→ AVAILABLE RECORDS:
------------

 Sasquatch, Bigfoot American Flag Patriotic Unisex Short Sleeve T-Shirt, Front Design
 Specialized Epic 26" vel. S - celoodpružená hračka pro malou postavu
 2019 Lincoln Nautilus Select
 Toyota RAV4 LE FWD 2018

------------

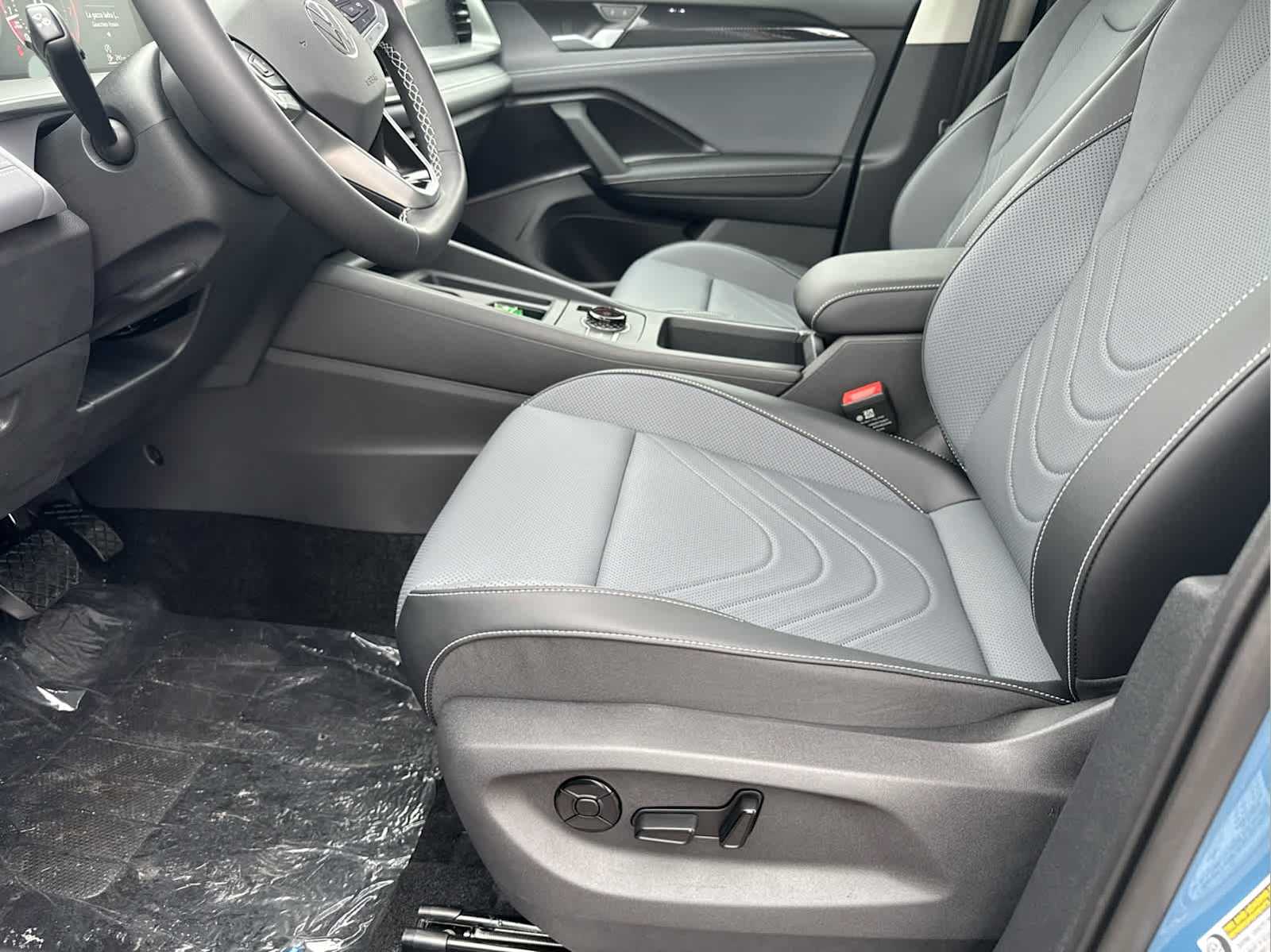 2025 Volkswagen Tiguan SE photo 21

------------

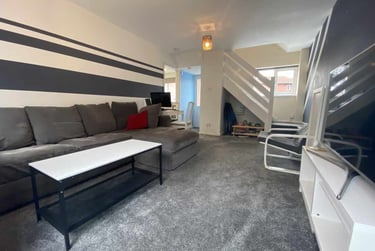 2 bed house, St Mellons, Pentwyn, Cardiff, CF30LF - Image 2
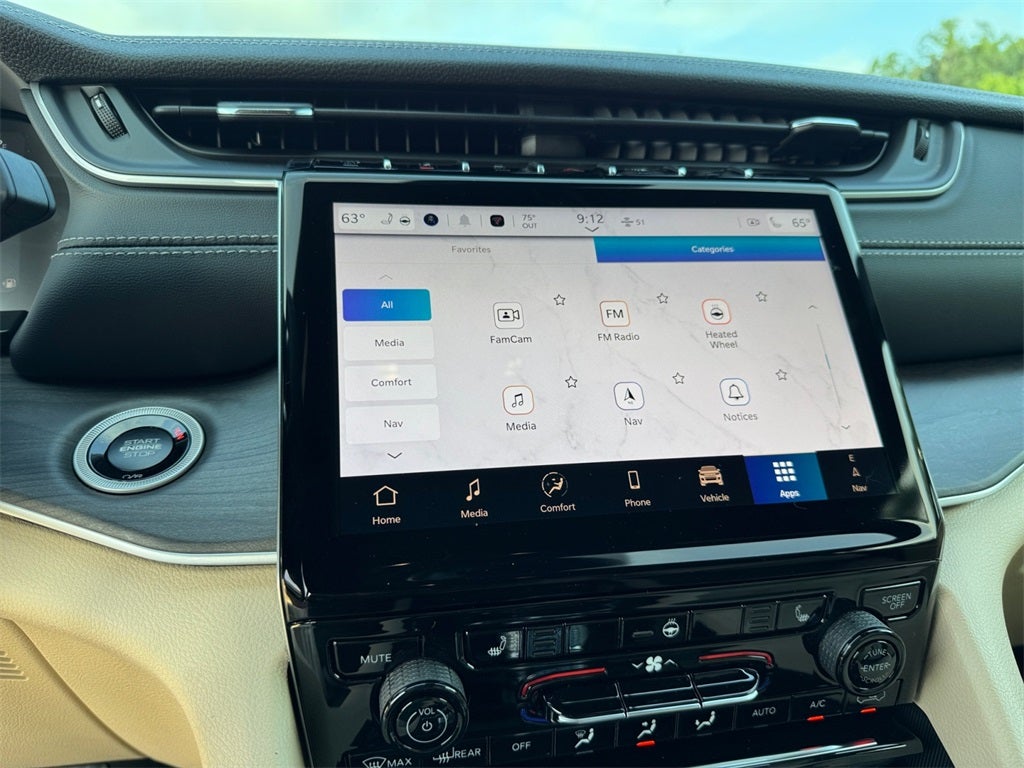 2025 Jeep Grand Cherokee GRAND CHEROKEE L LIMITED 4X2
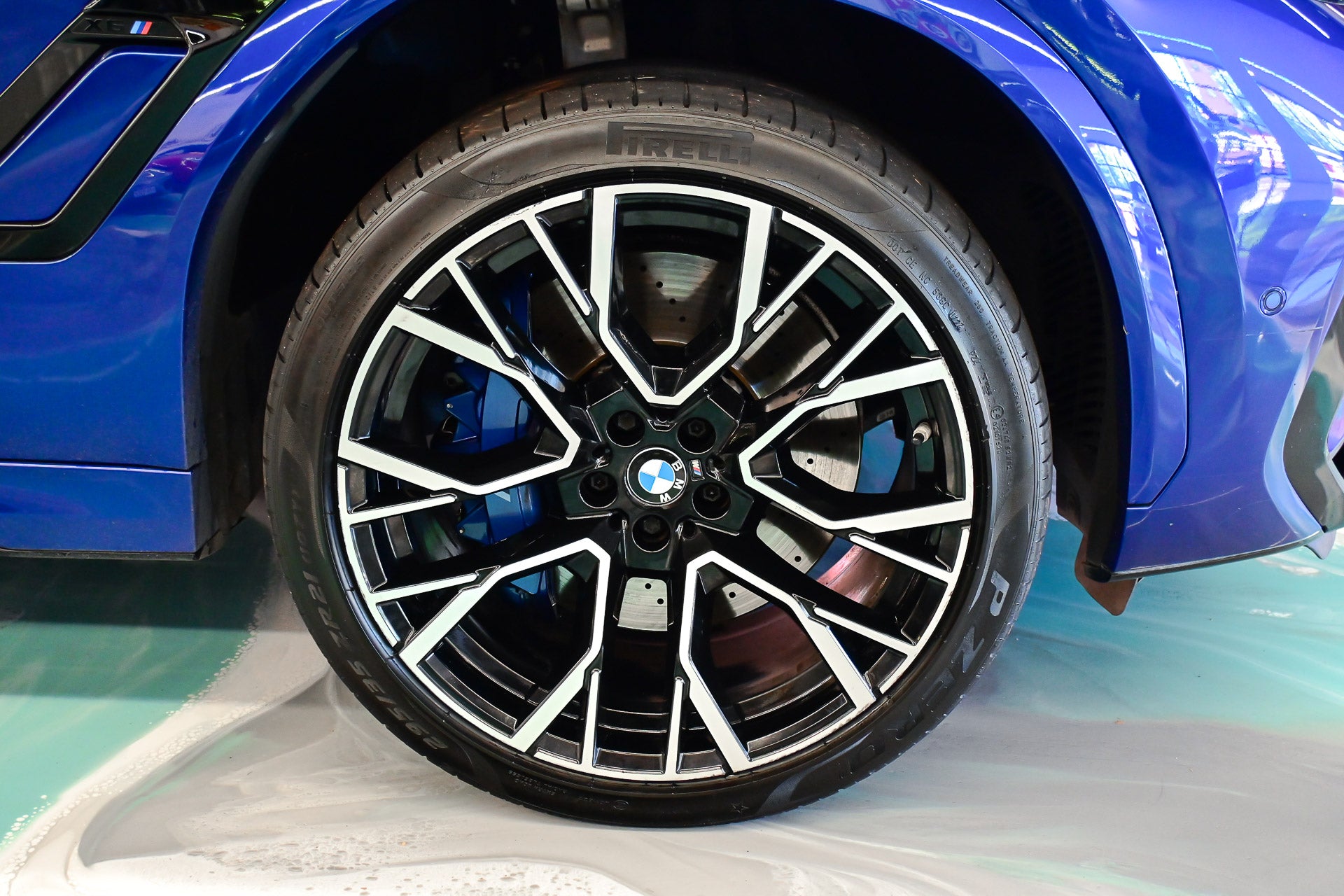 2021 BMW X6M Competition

------------

→ WHAT IS BEING ASKED:
What's needed is an exact copy of the lines above from the one with "2 bed house, St" through the one with "2021 BMW X6M Competition", both included; the pictures stay out.

→ PROBLEM SOLUTION:
 2 bed house, St Mellons, Pentwyn, Cardiff, CF30LF - Image 2
 2025 Jeep Grand Cherokee GRAND CHEROKEE L LIMITED 4X2
 2021 BMW X6M Competition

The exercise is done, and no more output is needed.